Como si, al estar rodeado por ellos, no sintieran la necesidad de agregar nada.
Cuando los hombres del Veda descendieron al Saptasindhu, en la Tierra de los Siete Ríos, y después a la llanura del Ganges, el terreno estaba en gran parte cubierto de selva. Se abrían camino mediante el fuego, que era un dios: Agni. Dejaron que dibujara una tela de araña de cicatrices. Vivían en aldeas provisionales, en cabañas sobre pilastras, con las paredes de junco y los techos de paja. Seguían a las manadas, avanzando siempre hacia el este. A veces se paraban frente a inmensas masas de agua. Era la época áurea de los ritualistas.
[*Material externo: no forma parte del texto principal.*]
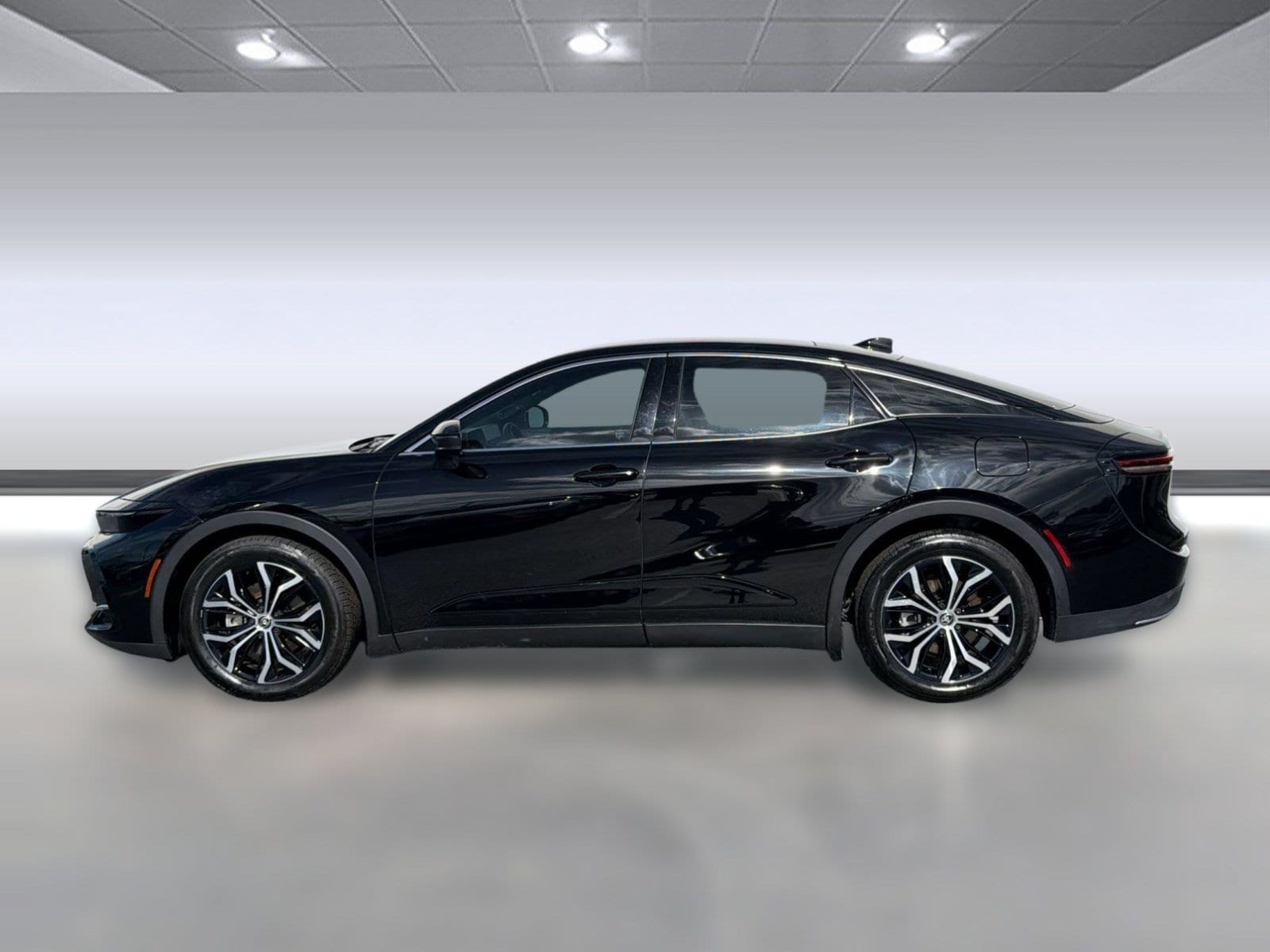 Crown Limited (Limited AWD (Natl)) Sedan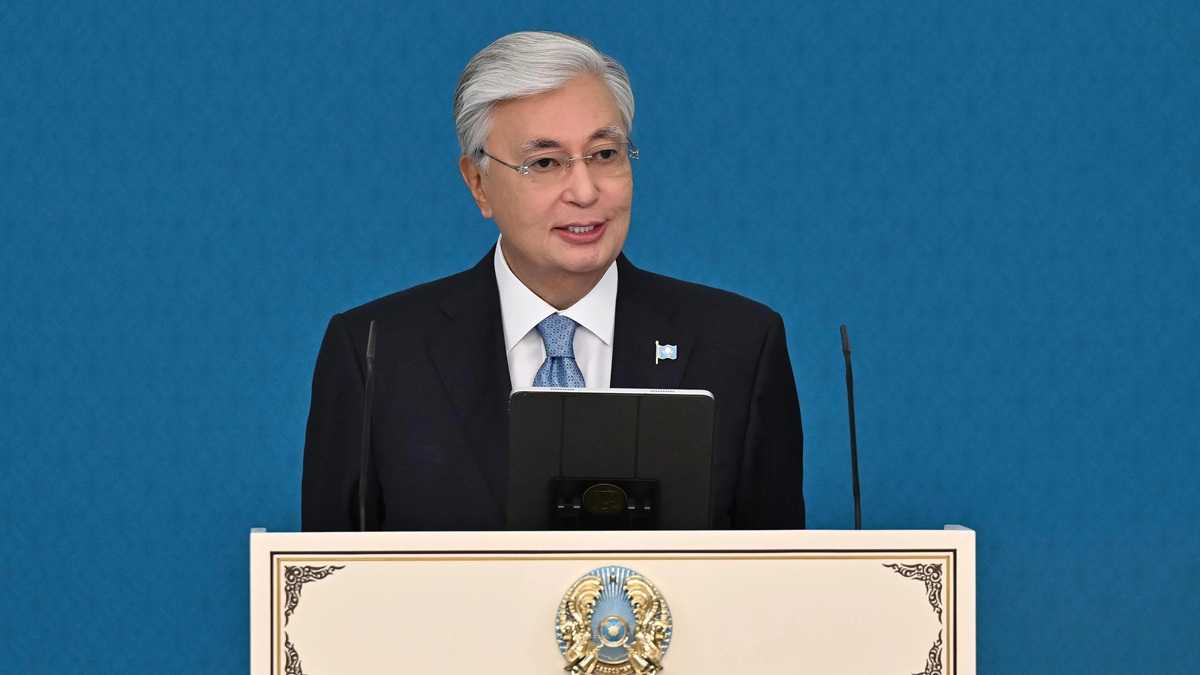 Токаев поздравил православных казахстанцев с праздником Пасхи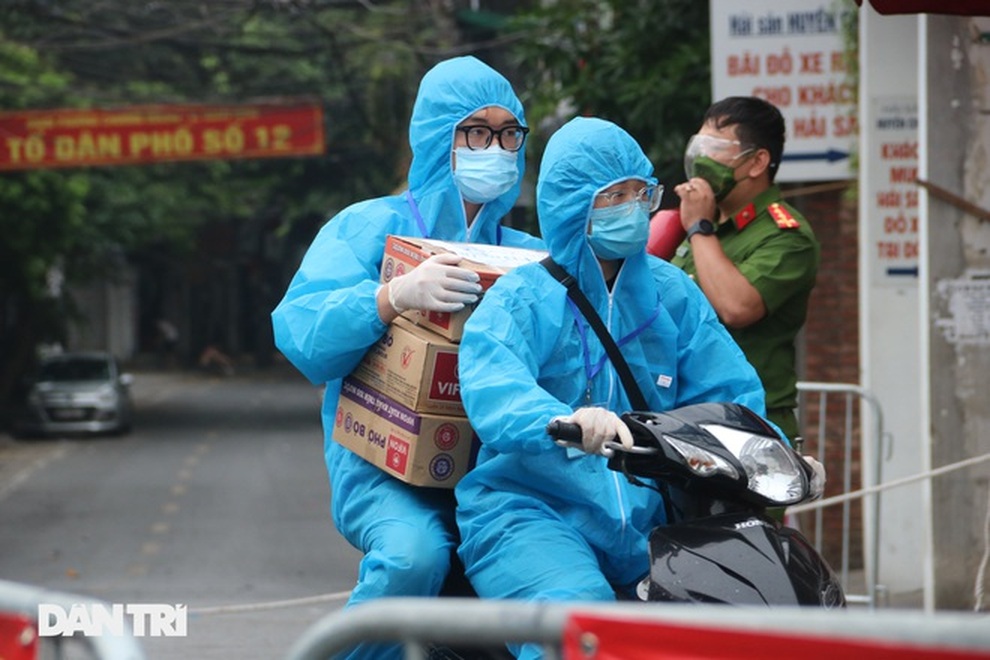 Hà Nội: Cách ly toàn bộ phường Chương Dương thêm 14 ngày - 1 Hà Nội: Cách ly toàn bộ phường Chương Dương thêm 14 ngày - 1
Entonces, a cierta distancia de las aldeas y a cierta distancia los unos de los otros, se podía observar a grupos de hombres –una veintena por vez– que se movían en espacios yermos, alrededor de fuegos aparentemente encendidos, cerca de algunas cabañas. De lejos, se oía un murmullo surcado de cantos. Cada detalle de la vida y de la muerte estaba en juego, en ese vaivén de hombres absortos. Pero no se podía pretender que eso resultara evidente a los ojos de un extranjero.
Muy poco de tangible se conserva de la época védica. No se conservan edificios ni ruinas de edificios ni simulacros. Como mucho, algún raído resto arqueológico en las vitrinas de algunos museos. Construyeron un Partenón de palabras: la lengua sánscrita, ya que samskrta significa «perfecto». Eso dice Daumal.
¿Cuál fue el motivo profundo por el que no quisieron dejar rastro? El habitual y presumido evemerismo occidental apelaría de inmediato al carácter perecedero de los materiales en climas tropicales. Pero la razón era otra; los ritualistas lo indicaron. Si el único acontecimiento imprescindible es el sacrificio, ¿qué hacer con Agni, con el altar del fuego, una vez concluido el sacrificio? Respondieron: «Después de completar el sacrificio, él asciende y entra en el esplendente [sol]. Por eso no debe preocupar si Agni es destruido, porque entonces él está en ese disco allí arriba.» Toda construcción es provisional, incluso el altar del fuego. No es algo detenido sino un vehículo. Una vez cumplido el viaje, el vehículo puede incluso ser reducido a pedazos.
Por eso los ritualistas védicos no elaboraron la idea del templo.
Si se ponía tanto cuidado en construir un pájaro era para que pudiera volar. Lo que, entonces, quedaba en el suelo era un envoltorio de polvo, barro seco y ladrillos inertes. Podía ser abandonado, como una carcasa. Enseguida la vegetación lo recubriría. De todas formas, Agni estaba en el sol.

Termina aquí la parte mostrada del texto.